Banner of the Vol. V, No. 8 of The Indian Sociologist published in August 1909, for which Guy Aldred was prosecuted

Starting with quite a mild stance in that "India and England should sever their connection peaceably and part as friends", it became more radical in 1907, actively advocating Swaraj (Home Rule) and organisation of the Society of Political Missionaries of India. This incurred police surveillance, a debate in the British House of Commons (30 July 1907) and a ban on import and sale of the journal in India from 19 September 1907. Krishnavarma had already departed in June 1907, remarking in the September issue: "On the earnest advice of some of our friends, we left England, practically for good, during the early part of June last, seeing that mischief was brewing". It was not banned in England and continued to be printed there.

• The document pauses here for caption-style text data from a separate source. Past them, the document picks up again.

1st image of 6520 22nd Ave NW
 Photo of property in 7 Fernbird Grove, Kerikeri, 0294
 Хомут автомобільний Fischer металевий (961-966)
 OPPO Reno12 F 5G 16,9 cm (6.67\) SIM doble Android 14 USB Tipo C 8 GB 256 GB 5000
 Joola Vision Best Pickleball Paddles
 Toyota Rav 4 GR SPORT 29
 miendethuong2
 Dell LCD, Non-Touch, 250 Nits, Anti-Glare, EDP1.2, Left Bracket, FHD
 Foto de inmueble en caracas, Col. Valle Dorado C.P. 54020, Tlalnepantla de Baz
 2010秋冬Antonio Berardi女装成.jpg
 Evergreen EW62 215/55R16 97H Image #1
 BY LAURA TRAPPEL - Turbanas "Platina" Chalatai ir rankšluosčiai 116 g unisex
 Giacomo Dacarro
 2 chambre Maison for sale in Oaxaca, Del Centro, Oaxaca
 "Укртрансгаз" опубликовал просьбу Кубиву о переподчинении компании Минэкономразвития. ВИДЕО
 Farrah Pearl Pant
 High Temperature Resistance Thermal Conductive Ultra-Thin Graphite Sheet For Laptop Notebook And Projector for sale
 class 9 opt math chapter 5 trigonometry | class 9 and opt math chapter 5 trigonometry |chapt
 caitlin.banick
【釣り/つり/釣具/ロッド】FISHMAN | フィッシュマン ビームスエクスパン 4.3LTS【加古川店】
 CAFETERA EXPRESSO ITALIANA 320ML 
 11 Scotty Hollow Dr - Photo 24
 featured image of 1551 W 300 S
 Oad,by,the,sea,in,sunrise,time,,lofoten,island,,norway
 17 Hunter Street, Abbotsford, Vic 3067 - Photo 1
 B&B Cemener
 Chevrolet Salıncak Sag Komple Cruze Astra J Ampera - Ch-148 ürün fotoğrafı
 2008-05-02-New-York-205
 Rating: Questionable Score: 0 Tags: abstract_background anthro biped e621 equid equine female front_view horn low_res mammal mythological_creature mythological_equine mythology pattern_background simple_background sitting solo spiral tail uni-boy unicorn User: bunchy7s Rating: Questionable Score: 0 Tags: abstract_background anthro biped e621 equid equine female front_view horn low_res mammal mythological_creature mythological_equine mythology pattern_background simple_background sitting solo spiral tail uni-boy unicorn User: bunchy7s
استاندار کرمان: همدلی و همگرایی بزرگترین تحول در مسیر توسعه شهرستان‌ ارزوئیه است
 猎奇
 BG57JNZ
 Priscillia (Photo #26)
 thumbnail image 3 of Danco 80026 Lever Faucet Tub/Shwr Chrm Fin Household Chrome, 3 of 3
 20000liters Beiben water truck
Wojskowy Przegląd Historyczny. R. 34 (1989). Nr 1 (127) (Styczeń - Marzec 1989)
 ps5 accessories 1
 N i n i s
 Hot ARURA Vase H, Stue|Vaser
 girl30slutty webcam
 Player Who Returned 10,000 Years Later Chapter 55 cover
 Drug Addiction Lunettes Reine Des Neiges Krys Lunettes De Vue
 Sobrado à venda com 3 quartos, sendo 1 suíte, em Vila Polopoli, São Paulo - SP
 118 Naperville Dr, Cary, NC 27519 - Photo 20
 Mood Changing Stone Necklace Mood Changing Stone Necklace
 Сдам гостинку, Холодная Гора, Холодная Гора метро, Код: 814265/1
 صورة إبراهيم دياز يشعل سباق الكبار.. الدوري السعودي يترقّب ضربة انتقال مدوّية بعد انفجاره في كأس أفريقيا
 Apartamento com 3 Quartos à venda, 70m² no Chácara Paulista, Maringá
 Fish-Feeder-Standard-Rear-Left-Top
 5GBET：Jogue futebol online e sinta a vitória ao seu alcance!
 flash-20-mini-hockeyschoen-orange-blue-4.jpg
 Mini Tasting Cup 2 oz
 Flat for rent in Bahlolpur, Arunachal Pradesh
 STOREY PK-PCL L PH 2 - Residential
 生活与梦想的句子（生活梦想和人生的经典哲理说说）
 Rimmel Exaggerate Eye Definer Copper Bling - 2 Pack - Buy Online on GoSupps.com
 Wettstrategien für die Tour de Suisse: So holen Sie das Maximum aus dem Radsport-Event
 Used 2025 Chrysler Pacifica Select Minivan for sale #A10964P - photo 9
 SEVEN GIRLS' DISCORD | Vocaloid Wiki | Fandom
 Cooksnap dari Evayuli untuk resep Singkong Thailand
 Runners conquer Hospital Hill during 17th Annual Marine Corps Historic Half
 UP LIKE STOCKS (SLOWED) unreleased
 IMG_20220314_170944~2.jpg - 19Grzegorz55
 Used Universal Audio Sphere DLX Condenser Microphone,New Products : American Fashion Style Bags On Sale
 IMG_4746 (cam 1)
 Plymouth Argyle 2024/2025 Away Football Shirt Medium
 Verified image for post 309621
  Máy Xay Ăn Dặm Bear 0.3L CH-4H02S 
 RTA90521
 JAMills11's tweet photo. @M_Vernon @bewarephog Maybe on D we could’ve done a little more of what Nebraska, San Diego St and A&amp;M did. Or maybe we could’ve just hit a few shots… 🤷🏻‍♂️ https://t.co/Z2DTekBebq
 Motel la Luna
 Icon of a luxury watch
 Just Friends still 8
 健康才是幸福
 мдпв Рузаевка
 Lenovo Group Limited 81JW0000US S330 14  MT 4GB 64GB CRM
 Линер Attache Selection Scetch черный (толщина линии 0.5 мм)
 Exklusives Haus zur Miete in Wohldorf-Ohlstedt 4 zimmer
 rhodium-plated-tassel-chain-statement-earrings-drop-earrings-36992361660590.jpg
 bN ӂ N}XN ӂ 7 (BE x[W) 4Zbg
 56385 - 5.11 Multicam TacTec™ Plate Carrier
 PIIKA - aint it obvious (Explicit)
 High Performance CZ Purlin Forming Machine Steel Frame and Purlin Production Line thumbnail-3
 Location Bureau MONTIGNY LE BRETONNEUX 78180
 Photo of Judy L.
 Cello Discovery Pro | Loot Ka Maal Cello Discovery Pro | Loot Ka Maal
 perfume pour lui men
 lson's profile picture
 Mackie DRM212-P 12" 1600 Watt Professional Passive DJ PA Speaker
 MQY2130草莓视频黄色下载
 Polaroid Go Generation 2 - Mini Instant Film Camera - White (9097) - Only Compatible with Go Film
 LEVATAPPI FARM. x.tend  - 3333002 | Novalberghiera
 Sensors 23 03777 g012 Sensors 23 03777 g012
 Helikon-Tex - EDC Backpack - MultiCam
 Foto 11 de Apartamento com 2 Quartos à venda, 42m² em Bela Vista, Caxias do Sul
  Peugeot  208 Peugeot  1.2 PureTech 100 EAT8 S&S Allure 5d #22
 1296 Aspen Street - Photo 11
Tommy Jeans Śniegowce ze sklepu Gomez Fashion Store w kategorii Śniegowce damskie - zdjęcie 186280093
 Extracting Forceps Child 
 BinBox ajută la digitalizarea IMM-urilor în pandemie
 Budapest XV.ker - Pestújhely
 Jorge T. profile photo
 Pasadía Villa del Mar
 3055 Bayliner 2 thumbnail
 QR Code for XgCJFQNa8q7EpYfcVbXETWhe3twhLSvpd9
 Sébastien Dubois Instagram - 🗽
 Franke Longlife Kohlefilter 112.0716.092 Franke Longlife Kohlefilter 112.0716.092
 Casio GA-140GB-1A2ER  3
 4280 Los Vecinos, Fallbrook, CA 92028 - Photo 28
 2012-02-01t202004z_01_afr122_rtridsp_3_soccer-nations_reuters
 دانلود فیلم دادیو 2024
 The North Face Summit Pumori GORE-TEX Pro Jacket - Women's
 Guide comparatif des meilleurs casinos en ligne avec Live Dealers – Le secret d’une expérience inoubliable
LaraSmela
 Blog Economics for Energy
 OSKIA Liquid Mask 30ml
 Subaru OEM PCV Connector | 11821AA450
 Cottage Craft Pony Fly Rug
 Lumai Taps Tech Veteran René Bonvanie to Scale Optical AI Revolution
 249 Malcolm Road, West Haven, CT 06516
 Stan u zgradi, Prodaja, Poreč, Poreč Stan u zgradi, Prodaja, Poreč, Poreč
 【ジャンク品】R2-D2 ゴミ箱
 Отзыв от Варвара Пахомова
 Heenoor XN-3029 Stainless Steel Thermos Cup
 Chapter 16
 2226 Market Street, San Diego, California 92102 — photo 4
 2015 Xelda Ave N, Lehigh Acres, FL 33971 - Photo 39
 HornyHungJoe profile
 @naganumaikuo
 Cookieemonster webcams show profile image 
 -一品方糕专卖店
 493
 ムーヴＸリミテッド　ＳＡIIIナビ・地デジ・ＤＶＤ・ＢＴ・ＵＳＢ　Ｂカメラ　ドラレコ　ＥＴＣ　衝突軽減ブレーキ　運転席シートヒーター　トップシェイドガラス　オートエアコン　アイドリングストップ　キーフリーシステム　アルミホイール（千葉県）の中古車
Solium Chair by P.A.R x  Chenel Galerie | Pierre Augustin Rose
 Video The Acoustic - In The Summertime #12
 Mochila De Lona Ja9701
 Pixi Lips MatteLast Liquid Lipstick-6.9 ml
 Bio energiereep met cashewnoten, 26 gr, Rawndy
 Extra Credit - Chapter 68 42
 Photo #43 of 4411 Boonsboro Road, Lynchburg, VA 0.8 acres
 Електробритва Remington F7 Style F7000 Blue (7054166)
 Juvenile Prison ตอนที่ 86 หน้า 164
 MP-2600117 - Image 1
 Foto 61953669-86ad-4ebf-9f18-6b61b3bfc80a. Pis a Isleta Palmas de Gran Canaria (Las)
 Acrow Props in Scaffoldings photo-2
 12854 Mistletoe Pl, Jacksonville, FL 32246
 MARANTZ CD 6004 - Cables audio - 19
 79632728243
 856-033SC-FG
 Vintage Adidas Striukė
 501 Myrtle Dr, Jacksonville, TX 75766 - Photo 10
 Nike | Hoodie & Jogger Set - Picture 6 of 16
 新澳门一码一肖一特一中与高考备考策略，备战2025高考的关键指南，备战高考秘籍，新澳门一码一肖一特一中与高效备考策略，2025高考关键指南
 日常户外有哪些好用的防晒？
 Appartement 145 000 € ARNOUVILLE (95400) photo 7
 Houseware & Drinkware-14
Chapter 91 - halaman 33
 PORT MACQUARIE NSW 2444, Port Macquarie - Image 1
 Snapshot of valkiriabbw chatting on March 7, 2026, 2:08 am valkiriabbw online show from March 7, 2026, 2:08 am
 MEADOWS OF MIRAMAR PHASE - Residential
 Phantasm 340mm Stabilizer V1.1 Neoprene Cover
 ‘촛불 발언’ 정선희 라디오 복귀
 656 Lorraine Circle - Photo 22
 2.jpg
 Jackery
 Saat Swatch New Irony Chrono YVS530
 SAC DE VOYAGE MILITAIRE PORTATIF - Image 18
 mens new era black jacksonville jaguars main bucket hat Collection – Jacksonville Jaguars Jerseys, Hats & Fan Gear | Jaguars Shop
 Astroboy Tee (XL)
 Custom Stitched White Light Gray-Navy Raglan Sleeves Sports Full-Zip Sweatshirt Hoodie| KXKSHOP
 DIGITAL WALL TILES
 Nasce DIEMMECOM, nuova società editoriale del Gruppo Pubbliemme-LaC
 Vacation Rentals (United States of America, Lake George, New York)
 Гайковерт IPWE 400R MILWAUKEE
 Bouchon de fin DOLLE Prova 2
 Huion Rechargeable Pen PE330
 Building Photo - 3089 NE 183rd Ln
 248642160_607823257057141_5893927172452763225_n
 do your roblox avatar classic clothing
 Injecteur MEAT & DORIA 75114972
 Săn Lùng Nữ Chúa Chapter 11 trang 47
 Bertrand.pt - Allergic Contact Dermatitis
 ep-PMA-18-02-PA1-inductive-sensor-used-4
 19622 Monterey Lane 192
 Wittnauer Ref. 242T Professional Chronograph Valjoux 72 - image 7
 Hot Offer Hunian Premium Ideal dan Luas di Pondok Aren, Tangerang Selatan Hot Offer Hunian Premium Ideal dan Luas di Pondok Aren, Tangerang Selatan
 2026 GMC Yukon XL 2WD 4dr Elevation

However, two of the printers were arrested for sedition for printing it in 1909. Arthur Fletcher Horsley was arrested for printing seditious material and tried for printing the May, June and July issues. He was tried and sentenced on the same day as Madan Lal Dhingra for the assassination of William Hutt Curzon Wyllie. The trial was very prominent, with the remarks by the Lord Chief Justice to indicate anyone printing this sort of material would be liable for prosecution. Nevertheless, Guy Aldred, a 22-year-old anarchist advocate of the Freedom of the press, published it through his Bakunin Press, supplemented with his own comments. The police obtained a warrant and seized 396 copies of the issue. At the trial, the prosecution was led by William Robson, Baron Robson, the Attorney General at the Central Criminal Court. Robson highlighted parts of the journal which Aldred had himself written, particularly focusing on a passage which touched on the execution of Dhingra:
In the execution of Dhingra that cloak will be publicly worn, that secret language spoken, that solemn veil employed to conceal the sword of Imperialism by which we are sacrificed to the insatiable idol of modern despotism, whose ministers are Cromer, Curzon and Morley & Co. Murder-which they would represent to us as a horrible crime, when the murdered is a government flunkey- we see practised by them without repugnance or remorse when the murdered is a working man, a Nationalist patriot, an Egyptian fellaheen or half-starved victim of despotic society's bloodlust. It was so at Featherstone and Denshawai; it has often been so at Newgate: and it was so with Robert Emmett, the Paris communards, and the Chicago martyrs. Who is more reprehensible than the murderers of these martyrs? The police spies who threw the bomb at Chicago; the ad hoc tribunal which murdered innocent Egyptians at Denshawai; the Asquith who assumed full responsibility for the murder of the workers at Feathersone; the assassins of Robert Emmett? Yet these murderers have not been executed! Why then should Dhingra be executed? Because he is not a time serving executioner, but a Nationalist patriot, who, though his ideals are not their ideals, is worthy of the admiration of those workers at home, who have as little to gain from the lick-spittle crew of Imperialistic blood-sucking, capitalist parasites at as what the Nationalists have in India.

Aldred also remarked that the Sepoy Mutiny, or Indian Mutiny, would be described as the Indian War of Independence. Aldred received a sentence of twelve months hard labour.